[Data records]
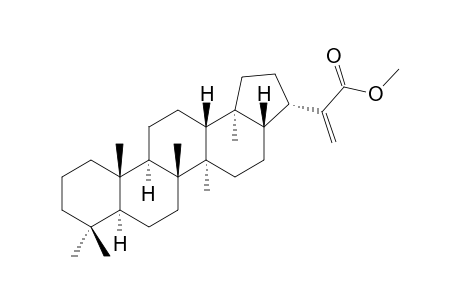 TUBEROSIC-METHYLESTER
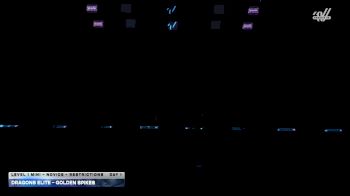 Dragons Elite - Golden Spikes [2026 L1 Mini - Novice - Restrictions DAY 1] 2026 JAMfest Cheer Super Nationals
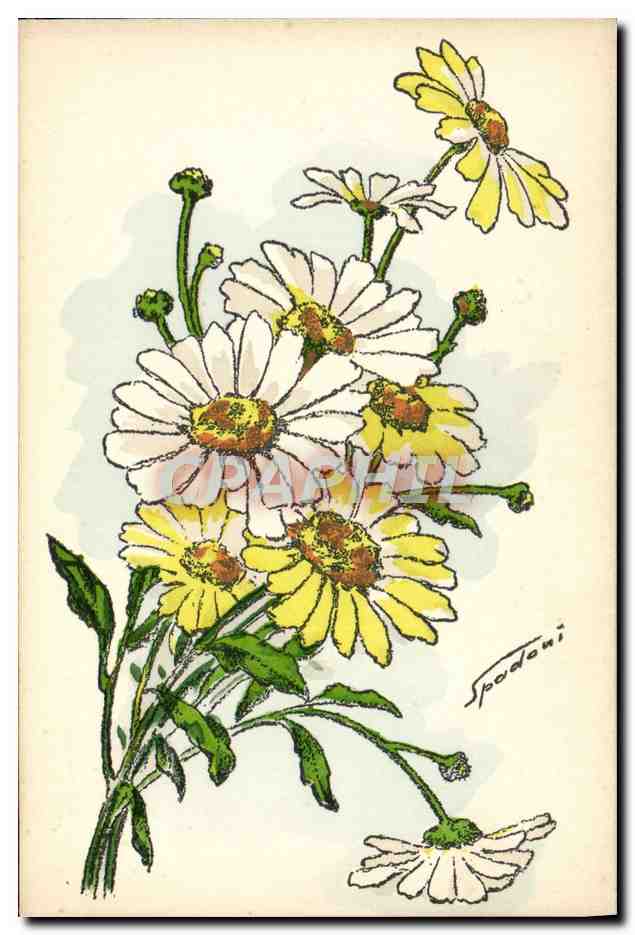 CPA Fantaisie Illustrateur Fleurs Spadoni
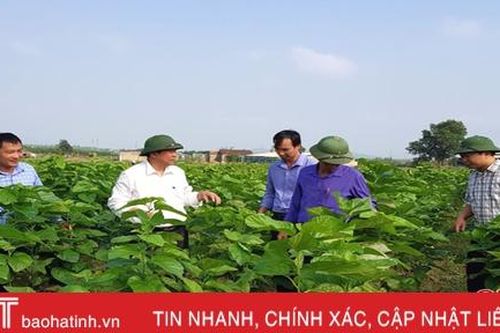 Lần đầu tiên xuất hiện ở Hà Tĩnh, nghề trồng dâu nuôi tằm đã 'phát tài'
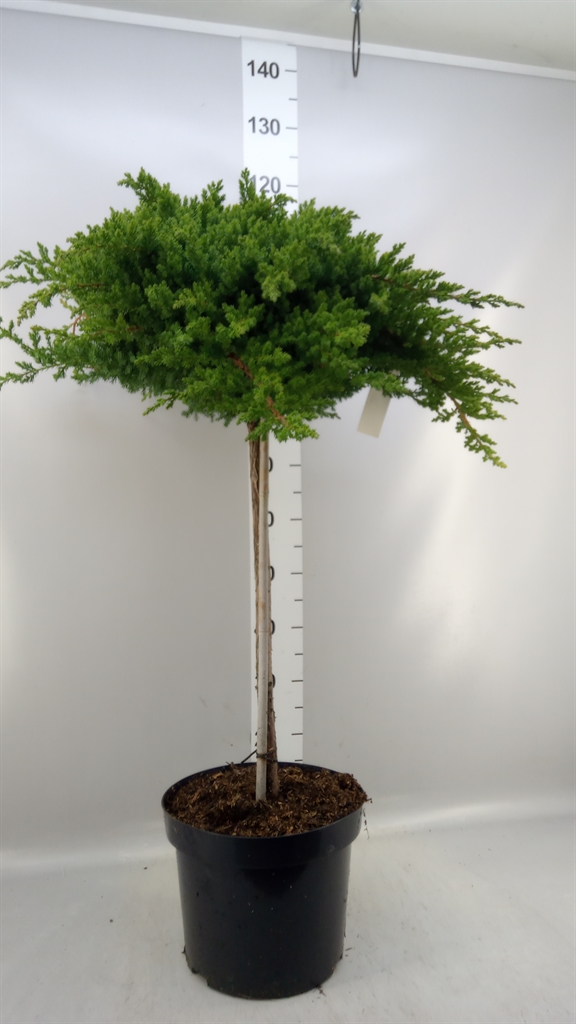 Juni Pr Nana 28Ø 80cm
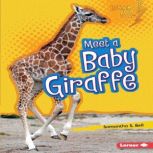 Meet a Baby Giraffe, Samantha S. Bell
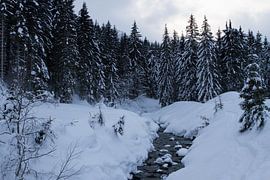 Rivier aan het bos von Jeroen Meeuwsen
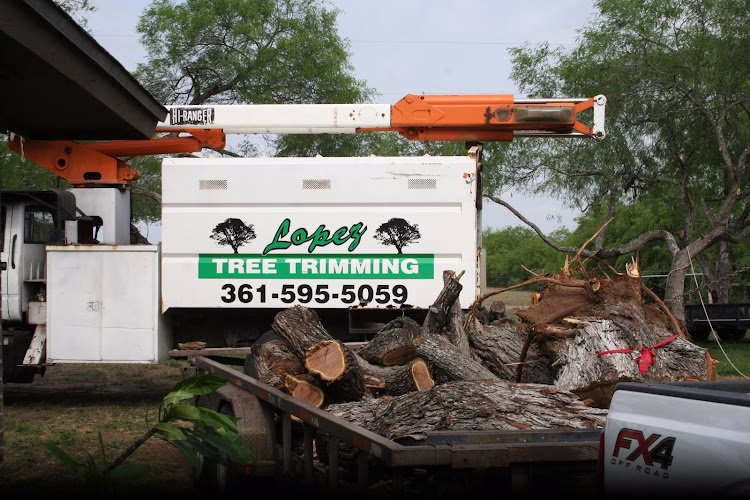 62781 lopez tree trimming 1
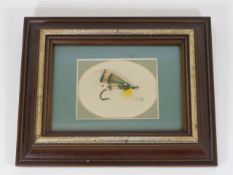 A framed fly by Gary Kosinsky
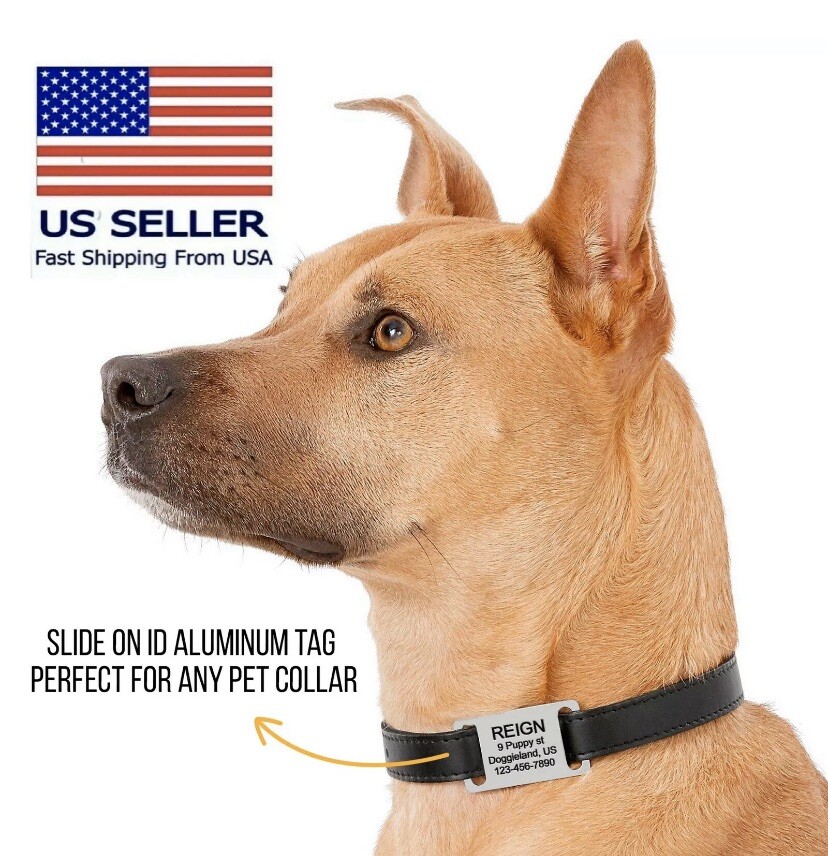 Custom ENGRAVED PET ID No jingle TAG SLIDE ON NOISELESS Dog Cat Puppy Kitty Tags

*Description of the task*: Go through the entries above and print each one exactly, minus the pictures.

*Your solution*:
 TUBEROSIC-METHYLESTER
 Dragons Elite - Golden Spikes [2026 L1 Mini - Novice - Restrictions DAY 1] 2026 JAMfest Cheer Super Nationals
 CPA Fantaisie Illustrateur Fleurs Spadoni
 Lần đầu tiên xuất hiện ở Hà Tĩnh, nghề trồng dâu nuôi tằm đã 'phát tài'
 Juni Pr Nana 28Ø 80cm
 Meet a Baby Giraffe, Samantha S. Bell
 Rivier aan het bos von Jeroen Meeuwsen
 62781 lopez tree trimming 1
 A framed fly by Gary Kosinsky
 Custom ENGRAVED PET ID No jingle TAG SLIDE ON NOISELESS Dog Cat Puppy Kitty Tags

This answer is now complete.